Depuis sa création, l'état hébreu est engagé dans une course-poursuite avec ses adversaires. Finirait-il par la perdre ? Jérusalem en a tant vu dans son histoire...

 

La ville blanche se détache sur un ciel limpide. En face, le soleil illumine le mont des Oliviers, le jardin de Gethsémani, le cimetière juif, le mont du Temple et la mosquée du Dôme du Rocher. Plus bas, les murailles, les portes, les ruelles se succèdent par paliers successifs. Sur une terrasse nue qui domine ce décor biblique, un groupe de soldats est assis en demi-cercle, garçons et filles, détendus et attentifs, le fusil d’assaut et les chargeurs sur les jambes. Devant eux, debout, une fille en pantalon et tee-shirt, à peine plus âgée : elle seule parle, le doigt en avant, insistante, démonstrative. Elle a tout de l’instructeur, si ce n’est qu’elle ne porte aucun insigne de grade. Leçon de contre-guérilla urbaine, de tactique en milieu hostile ? Pas du tout ; elle donne un cours d’histoire – la Bible, Jérusalem, le peuple juif ; elle dit ce que sont ces murs, ces églises, ces mosquées, ces synagogues, bref, ces quartiers de la vieille ville.

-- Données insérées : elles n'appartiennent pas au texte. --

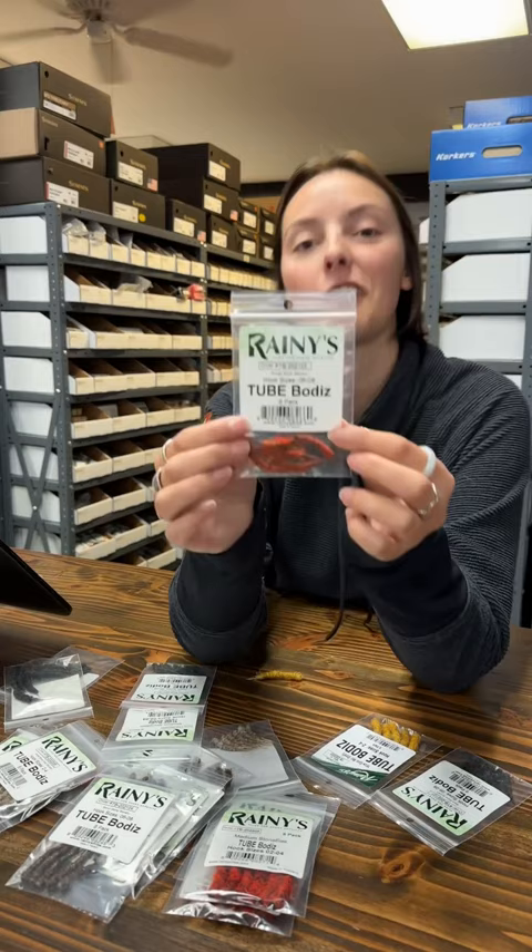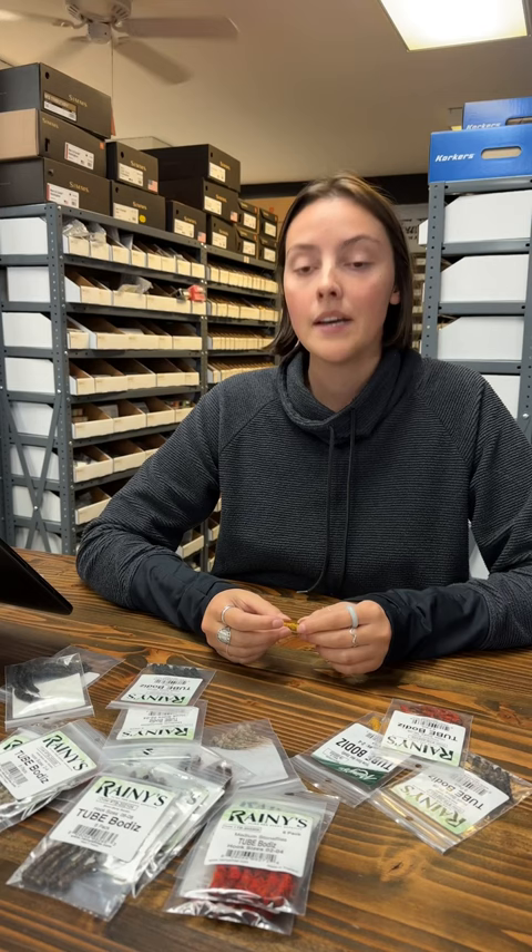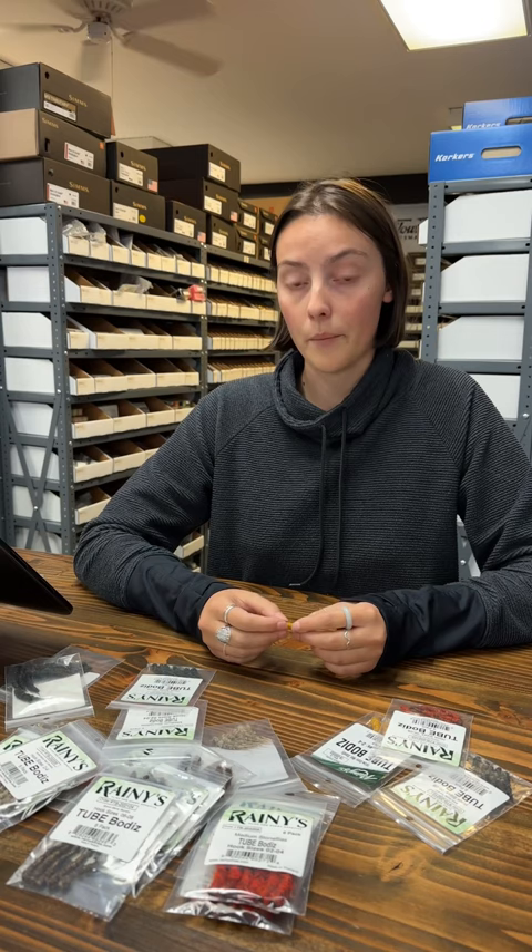Hey everybody, McKenna here at Spawn Fly Fish. I'm introducing Rainey's Stonefly Tube Bodies. This product comes in six different colors as well as two different sizes, small and medium. Size small fits on hook sizes 6 to 8 and medium fits on hook size 2 to 4.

La scène se répète ainsi, de place en place et de groupe en groupe, le matin comme le soir, avec d’autres instructeurs. Séance obligatoire et renouvelée durant le service militaire. Là on n’apprend pas à faire la guerre, mais à comprendre pourquoi cette ville de Jérusalem, aujourd’hui si prospère, si animée, si propre, fut le théâtre de tant d’atroces et sanglants épisodes – et pourquoi, malgré l’apparente insouciance de ces soldats de 20 ans, ce n’est peut-être pas fini.

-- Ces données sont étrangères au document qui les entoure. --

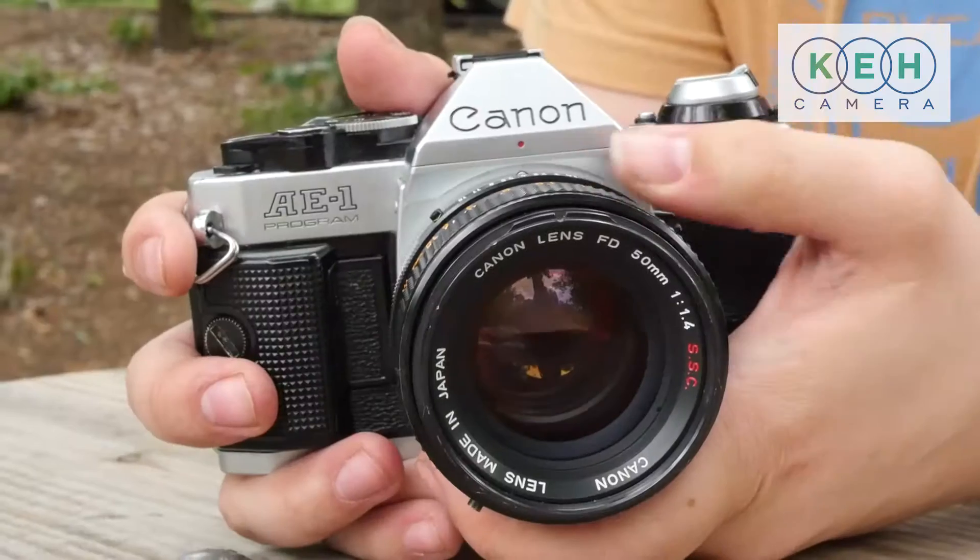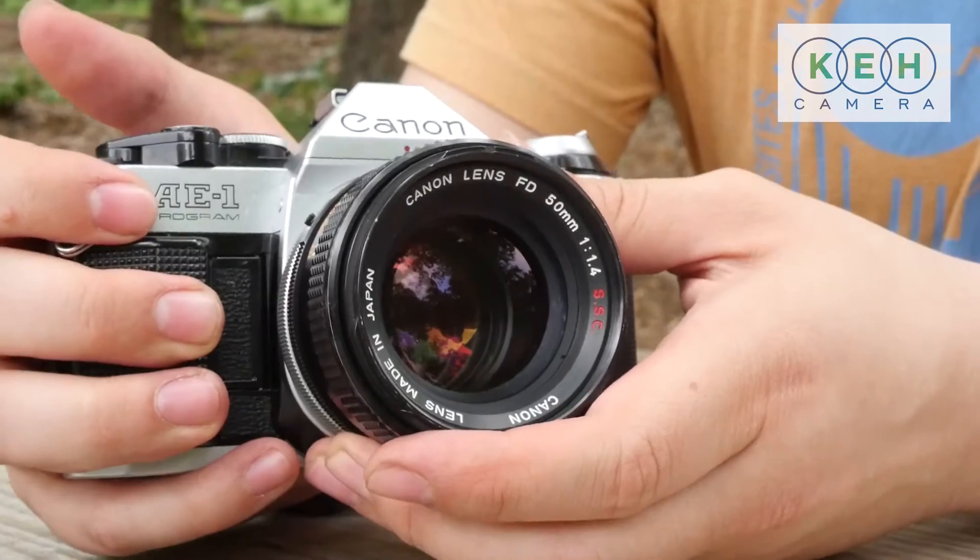Hey everybody, this is Riley Brown and this is what you need to know about the Canon AE-1 Program. It's got a fully automatic mode that changes both shutter and aperture, as well as shutter priority. It has a really wide range of very good lenses.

Michel Gurfinkiel, que les lecteurs de Valeurs actuelles connaissent depuis trente-sept ans, publie un essai au titre volontairement provocant, Israël peut-il survivre ?, dans lequel il passe minutieusement en revue toutes les pièces du procès fait et refait au peuple juif et à l’État d’Israël, sous les angles historique, démographique, stratégique, diplomatique… Et dans la langue admirable qu’on lui connaît.

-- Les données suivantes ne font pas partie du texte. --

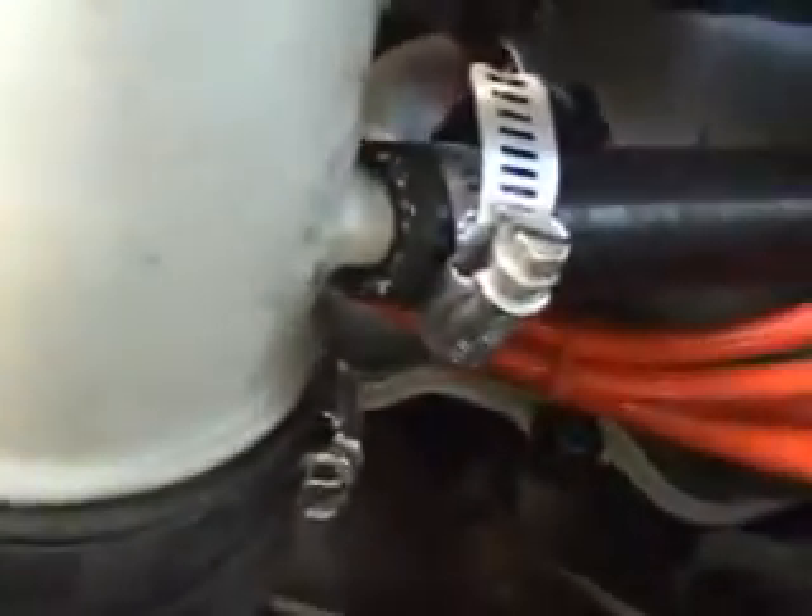Then you got your thick one underneath — your thick vacuum hose — which comes into the second hard line right here. Thick vacuum hose. Then you got the other two at the pipe here. The second to last one, this one goes down into here.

Depuis sa création, en 1948, Israël n’a pas cessé de se battre. « Avec des fortunes diverses, même s’il a été dans l’ensemble victorieux. Soit pour repousser une agression. Soit pour en prévenir une. » En soixante-trois ans, onze guerres, depuis celle de l’indépendance jusqu’à celle de Gaza, en janvier 2009. Michel Gurfinkiel insiste sur ce trait propre au destin de l’État hébreu : « Être promis à la destruction par les uns, être abandonné à son sort par les autres…» Tragique et extraordinaire destinée que celle de ce peuple identifié à la Bible que rappelle Michel Gurfinkiel : « Le peuple juif garde dans sa mémoire collective d’autres génocides et d’autres trahisons: l’Égypte pharaonique, la Perse achéménide, la Rome d’Hadrien, l’extermination des juifs et des judaïsants d’Arabie, les expulsions d’Angleterre, de France, d’Espagne, les pogroms d’Occident et de Russie, et enfin la Shoah.» Mais pas seulement, puisque, depuis la Shoah, les Israéliens ont dû livrer toutes ces guerres et subir en plus les imprécations des fanatiques de Téhéran pour les « anéantir ».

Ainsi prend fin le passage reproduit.